According to the report, the court also scheduled the first hearing in the trial for Oct. 25.

On July 5 Turkish police, acting on an anonymous tip, raided a hotel on Büyükada, one of the Princes’ Islands off İstanbul, and detained İdil Eser from Amnesty International, İlknur Üstün from the Women’s Coalition, lawyer Günal Kurşun from the Human Rights Agenda Association, lawyer Nalan Erkem from the Citizens Assembly, Nejat Taştan from the Equal Rights Watch Association, Özlem Dalkıran from the Citizens’ Assembly, lawyer Şeyhmus Özbekli and Veli Acu from the Human Rights Agenda Association, two foreign trainers, Swedish national Ali Garawi and German citizen Peter Steudtner, and the hotel owner. Eight of the 11 people have been under pretrial detention.

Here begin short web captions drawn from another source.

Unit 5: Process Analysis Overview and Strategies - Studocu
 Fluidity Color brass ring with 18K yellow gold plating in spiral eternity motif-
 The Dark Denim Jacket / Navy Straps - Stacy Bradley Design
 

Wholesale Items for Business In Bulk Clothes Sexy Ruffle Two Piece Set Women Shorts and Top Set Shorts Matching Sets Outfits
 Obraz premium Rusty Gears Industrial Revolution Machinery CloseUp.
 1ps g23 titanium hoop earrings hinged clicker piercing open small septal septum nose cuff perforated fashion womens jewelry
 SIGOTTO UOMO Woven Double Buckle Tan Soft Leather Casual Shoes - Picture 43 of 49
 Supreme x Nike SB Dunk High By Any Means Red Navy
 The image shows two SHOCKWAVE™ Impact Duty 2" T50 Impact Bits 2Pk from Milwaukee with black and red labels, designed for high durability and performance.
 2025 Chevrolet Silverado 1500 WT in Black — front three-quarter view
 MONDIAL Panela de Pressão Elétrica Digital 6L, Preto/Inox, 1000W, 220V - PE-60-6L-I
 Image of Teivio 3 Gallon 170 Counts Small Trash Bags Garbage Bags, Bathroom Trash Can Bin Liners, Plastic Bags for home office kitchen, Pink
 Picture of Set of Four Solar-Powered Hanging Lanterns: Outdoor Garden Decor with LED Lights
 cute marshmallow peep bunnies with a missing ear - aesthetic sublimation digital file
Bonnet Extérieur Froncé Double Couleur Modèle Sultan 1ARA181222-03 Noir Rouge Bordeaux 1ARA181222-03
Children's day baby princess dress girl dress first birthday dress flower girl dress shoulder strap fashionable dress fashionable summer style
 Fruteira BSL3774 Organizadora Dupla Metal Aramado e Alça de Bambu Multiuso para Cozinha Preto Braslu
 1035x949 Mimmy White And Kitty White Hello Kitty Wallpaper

Eleven people were accused of membership in and aiding the outlawed Kurdistan Workers’ Party (PKK), the far-left Revolutionary People’s Liberation Party/Front (DHKP/C) and faith-based Gülen movement.

According to Turkish media, Amnesty International’s Turkey section chair Taner Kılıç, who was detained on June 6 in a separate operation in İzmir, was also accused in the same indictment of being a member of the Gülen movement, which the government accuses of masterminding a coup attempt on July 15, 2016. The movement strongly denies any involvement in the failed coup.

Turkish President Recep Tayyip Erdoğan on July 8 accused the detained human rights defenders of plotting a follow-up to the July coup attempt.

One of Turkey’s staunchly pro-government dailies, Star, claimed on July 11  that the CIA and MI6 were behind the meeting at the hotel on Büyükada.

Another pro-government newspaper, Yeni Şafak, on July 23 said the rights activists had ties to the German BND intelligence service.

Fethullah Gülen, who inspired the movement, strongly denied having any role in the failed coup and called for an international investigation into it, but President Erdoğan — calling the coup attempt “a gift from God” — and the government initiated a widespread purge aimed at cleansing sympathizers of the movement from within state institutions, dehumanizing its popular figures and putting them in custody.

Turkey’s Justice Ministry announced on July 13 that 50,510 people have been arrested and 169,013 have been the subject of legal proceedings on coup charges since the failed coup.

Turkey has suspended or dismissed more than 150,000 judges, teachers, police and civil servants since July 15 through government decrees issued as part of the state of emergency.